Pick and check a unique identifier (UI) field. In the example, the localID field will do this job. Unfortunately, in some of the data tables I audit, the "unique" ID isn't unique at all because of duplication or pseudo-duplication of records. After selecting a candidate UI field, I always check it for uniqueness. I first get a numbered list of fields from the header line of each table

and then use the field numbers to cut out the UI fields (here, localID) from the two tables and check them for uniqueness. If the line count of duplicates is greater than zero in either table, I try to fix the duplication or pseudo-duplication problem before going any further. Note also that the name of the UI field is the same in the examples, but it might be different in the two tables I'm comparing in an audit.

Select out the common records. Next, I build a list of the localIDs shared by the two tables, using comm -12. The list is saved as the temp file "commonIDs".

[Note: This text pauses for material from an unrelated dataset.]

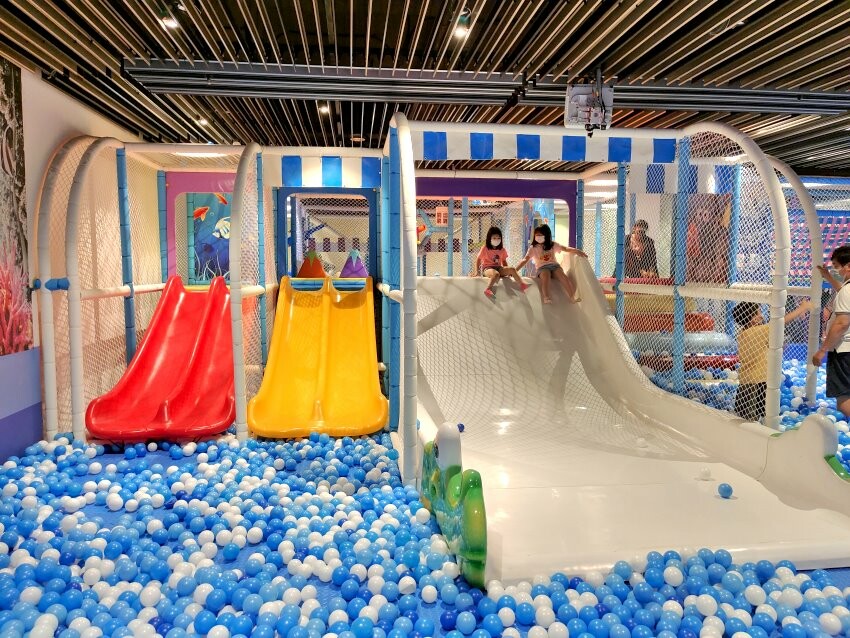 【墾丁住宿】墾丁怡灣渡假酒店．遊戲室+旋轉滑梯+親子主題房+戲水池!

I then use the list of common IDs to select comparable records in the two tables. For small files this could be done with grep -f, but as I showed in an earlier BASHing data post, AWK is much quicker with big files. In the same command chain, the tables (now without header lines) are sorted by their localID fields.

Test for field differences. Now for the field comparison, which I do with AWK after paste-ing together one of the localID fields and the two fields to be compared. I first count the lines where there are differences. If there aren't many such lines, I print the results to screen.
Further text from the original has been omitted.